Faithfull added, “The doctors said they’d never ever treated anybody with such an intense desire to stay alive. I didn’t know that. I was amazed. I survived, and I’m still recovering, and the poems that we did afterwards are wonderful, because they’re even more vulnerable.”
Faithfull’s producer and engineer – who has also worked with P.J Harvey for a long time – Head and Faithfull were both in the latter’s flat in London, using a spare room to first record Faithfull’s reading of the poetry. The singer, who is a writer herself, spoke on the collaborative nature of this record: “It was lockdown,” she says, “So I recorded with Head alone in that little room, then we sent it to Warren in Paris, and he put it together. We got a lot of help. Nick Cave played piano. Brian Eno was wonderful too, and played all sorts of things, and Vincent Ségal played cello. So it was all done separately in this extraordinary moment in our lives on this fucking planet.”
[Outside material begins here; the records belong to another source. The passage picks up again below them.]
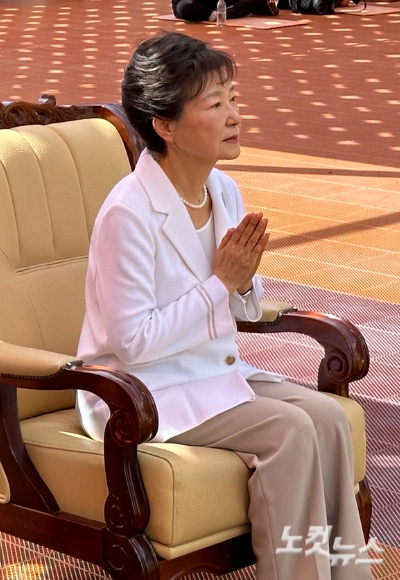 박근혜 전 대통령이 11일 대구 팔공산 동화사를 방문했다. 이규현 기자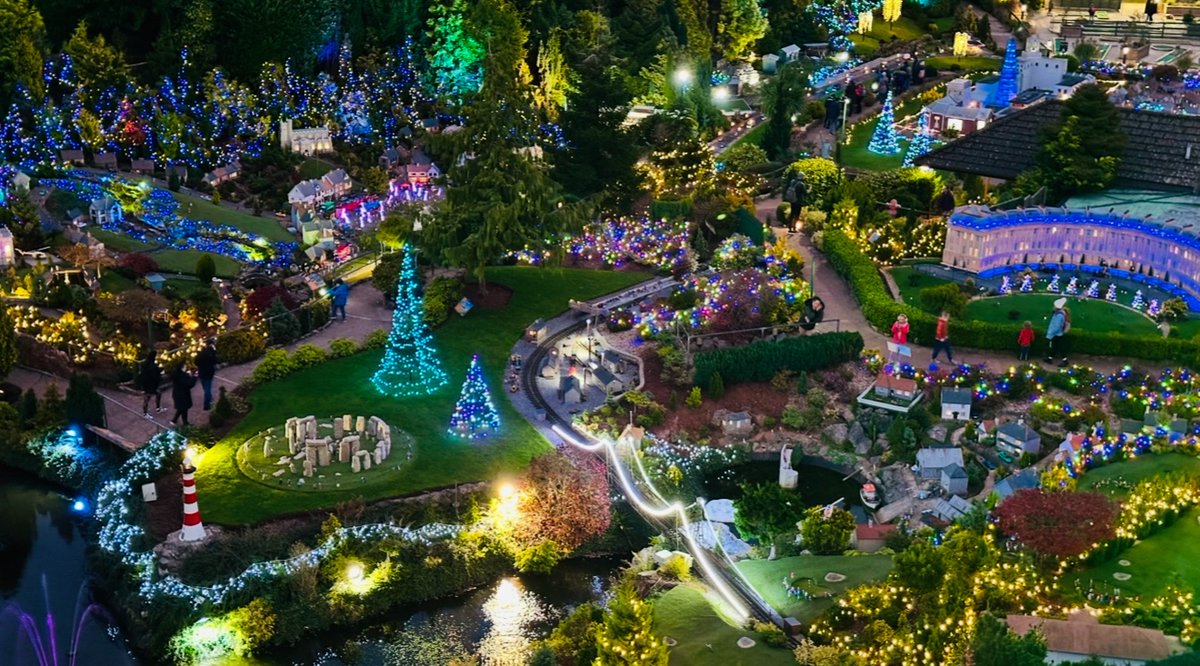 Model Village, Devon tweet media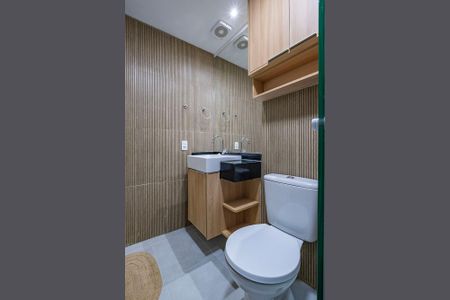 Banheiro de kitnet/studio para alugar com 1 quarto, 24m² em Pinheiros, São Paulo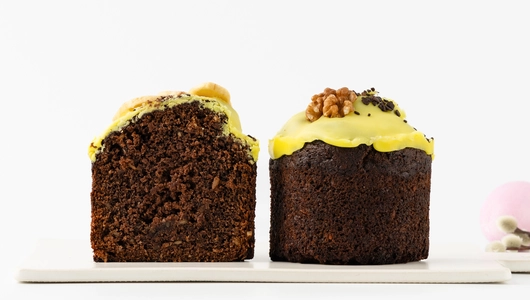 Кулич "Веганский" с&nbsp;бананом и&nbsp;грецким орехом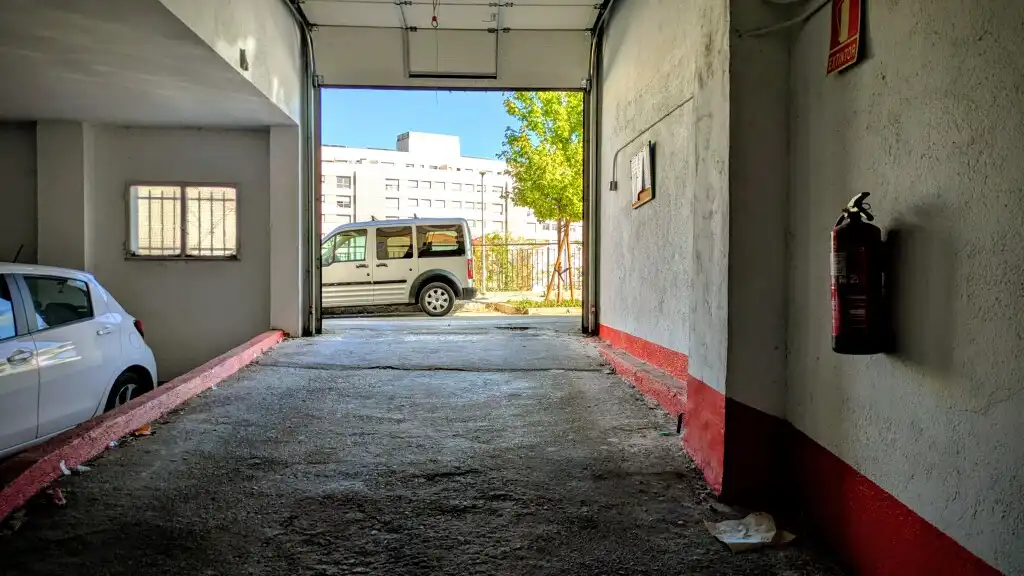 Individual for sale in Calle de Pando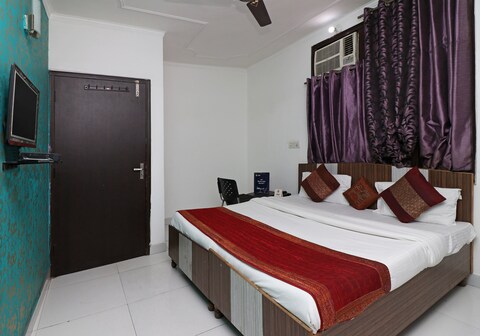 Hotel O Mahak Palace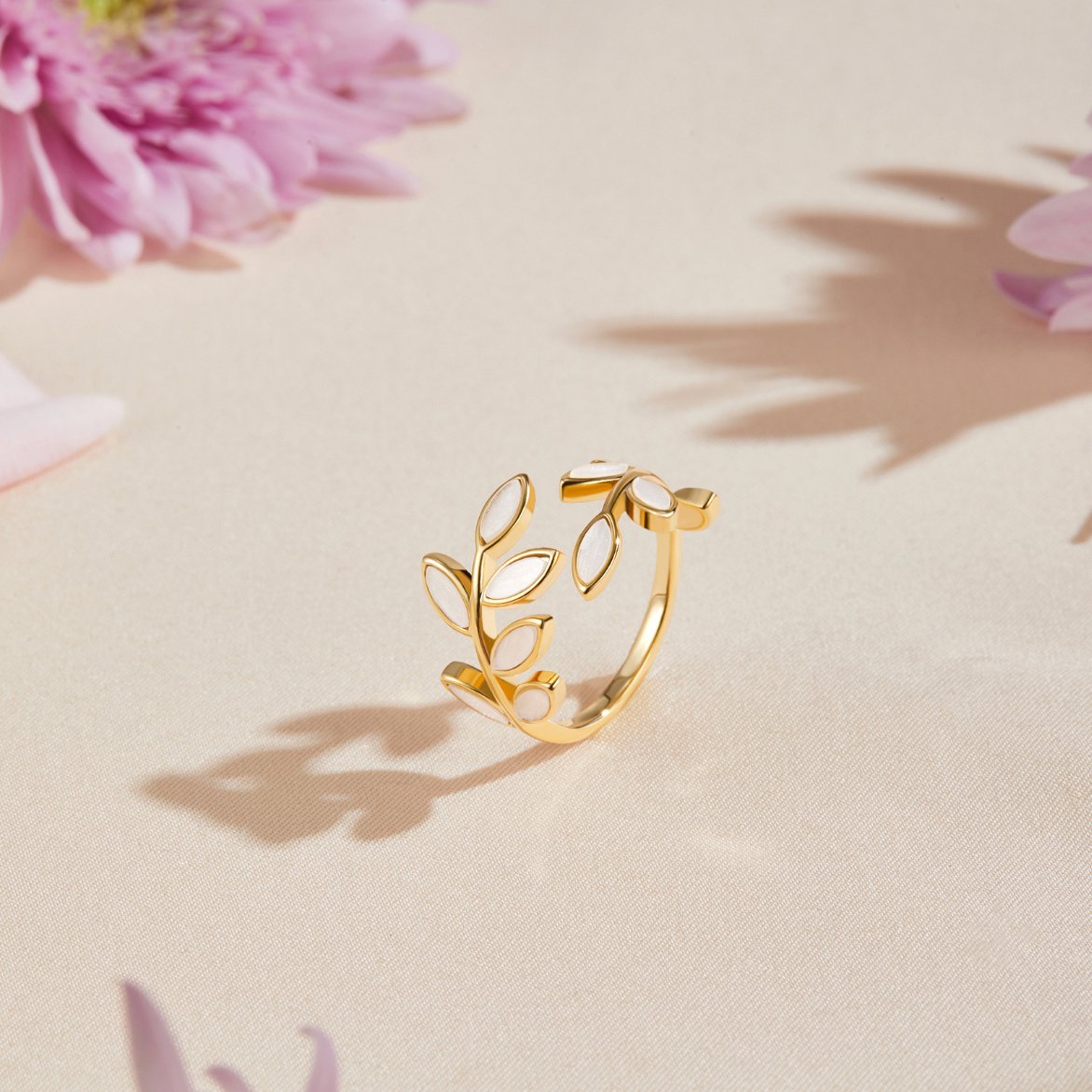 Serene™ - Goldblatt Ring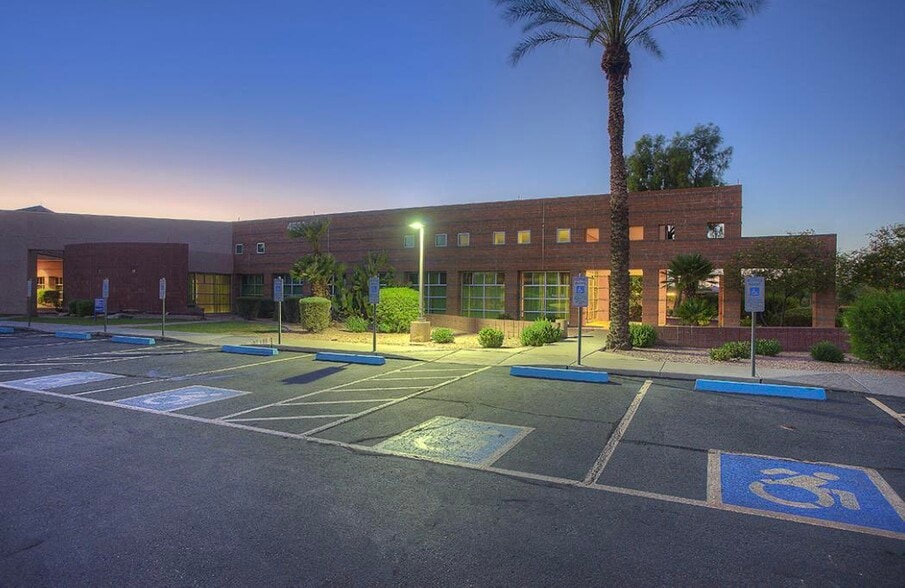 4530 E Ray Rd, Phoenix, AZ à louer - Photo du bâtiment - Image 2 de 4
She Walks in Beauty sees Warren Ellis of Nick Cave and the Bad Seeds provide the instrumentation as a kind of musical bedrock to Faithfull’s recital of this dying art form. “They’re poems that are full of wonder, that celebrate the great things we can do,” said Warren Ellis.
“I didn’t think of them as songs, so I wasn’t locked into melodies or chords, and I could take incredible liberties. It wasn’t about creating something that had to follow the text or outline it. It was free in that respect. The important thing was that it didn’t get in the way. Some of it’s like musique concrete, street sounds, stuff like that.”
The creative process behind the collaborative project, as it was done remotely from one another, seems that it had a lot of room for spontaneity. “My preferred way of making music is to leave a lot of it to chance, to let accidents happen,” Ellis said. Warren Ellis and Brian Eno went back and forth with another; Vincent Ségal played cello and Nick Cave provided piano. “I sent him this loop with a string figure, and I don’t know what he put on it, but it all starts moving around, and these strange waves go through it,” Ellis said about his line of communication with Eno.
As to the nature of Faithfull’s speaking voice; none can soothe better. As she reads the poems you know that she has lived for a long time with them – they are a part of her. The texture of Faithfull’s voice is worn and aged, which is necessary to read these poems with authority. Like a tree trunk has growth rings – her voice is granular and sorrowful but wise and poetically melancholy.
As the multi-instrumentalist that he is, Warren Ellis does his beautiful yet simple magic. It does not distract the listener from what Faithfull is saying. Ellis, as always, seeks to support the song and composition, he never overplays in anything that he does, but his playing is impressionistic and it will stick with you for a long time.
Marianne Faithfull’s She Walks in Beauty was released 30th of April and available.